これがロシアのやり方と言われればそうなのかとも思うのだが、やはり民主主義の世の中に生まれて生きているせいなのか、受け入れるのが非常に難しい。
メリトポリのハリーナ・ダニリチェンコ新市長は、初めて公の場に姿を現した際、「過激派行動」に参加しないよう住民に呼びかけた。また、「新しい現実の下での基本メカニズム」の構築を主要任務とすることを宣言した。
ロシア軍、占領地の市長をまた拉致か ウクライナ側は「テロ戦術」と非難
ウクライナは民主化されてから30年経っている。またウクライナ人はロシア人に根絶やしにされかけた経験があるため、民族独立の意識が日本人よりも高い。その受け入れがたさはおそらく我々以上だろう。
その一方で西側の支援なしにデモで抵抗してもその声はプーチン大統領には届かない。かといって武力で抵抗しても「テロリスト」として惨殺されるのは目に見えている。どちらにせよ何らかの苦痛を受けることになるのだろうと考えるといたたまれない気持ちになる。
だが、実はこれは我々にとってみても新しい現実の始まりである。日本は第二次世界大戦でアメリカに負けたことで民主主義を受け入れた。力による正義の押し付けだったが結果的に経済成長を実現したために「民主主義を受け入れたことは良いことだったのだ」と感じるようになった。
この結果、日本人は世界平和はアメリカに任せてそれに追随していれば安心なのだとも感じてきた。だからこそ経済にのみ注力できたのである。
だが、安全保障理事会の常任理事国であり核兵器保有国であるロシアは民主主義を簡単に粉砕することができる。西側世界は色々文句は言う。経済制裁も加える。だがロシアの意思を変えることはできない。日本は今回の制裁で1兆円の融資が回収不能になる。我々一人ひとりの預金が帰ってこなくなるのだ。石油や小麦の価格も値上がりするだろう。
我々がやったことの結果ではない。だがそれでも受け入れなければならない。ロシアは核保有国であり国連の意思決定をブロックしているからである。戦後の安全保障の枠組みは完全に崩壊した。
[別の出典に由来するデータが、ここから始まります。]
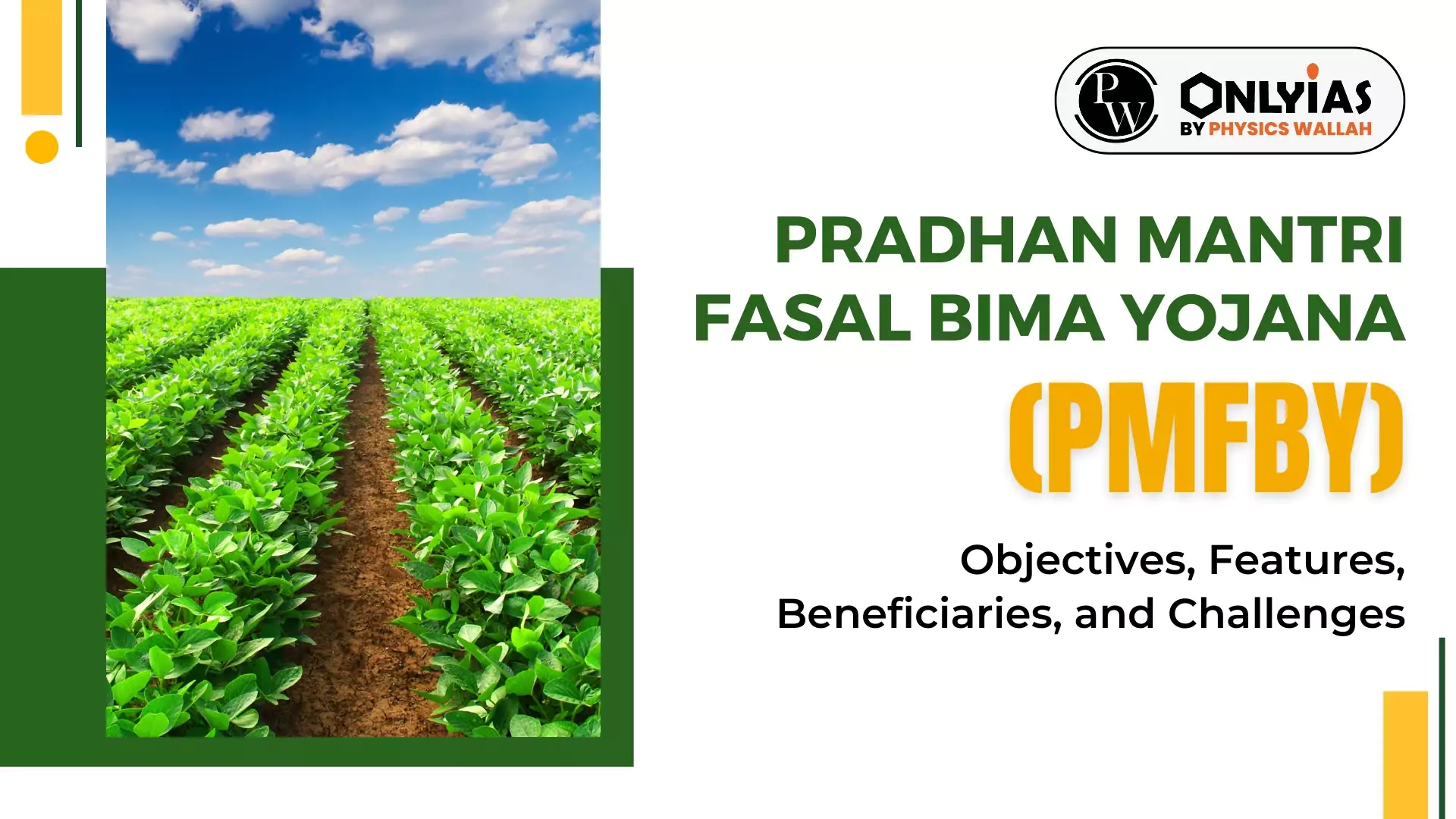 Pradhan Mantri Fasal Bima Yojana (PMFBY): Objectives Features Pradhan Mantri Fasal Bima Yojana (PMFBY): Objectives Features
民主主義は核兵器の前には無力だったという新しい現実を突きつけられているように思える。この現実はあまりにも重い。おそらくこれは民主主義社会に生きる一人ひとりの問題に理つつあるのだが、どうやって抵抗していいのかが全くわからない。かつての正解が破綻したことに薄々気がつきつつも対岸の火事として眺めるか、行動を起こすか、行動を起こすとしたらいったい何から始めるべきか。
そんな状態にある日突然置かれてしまったことになる。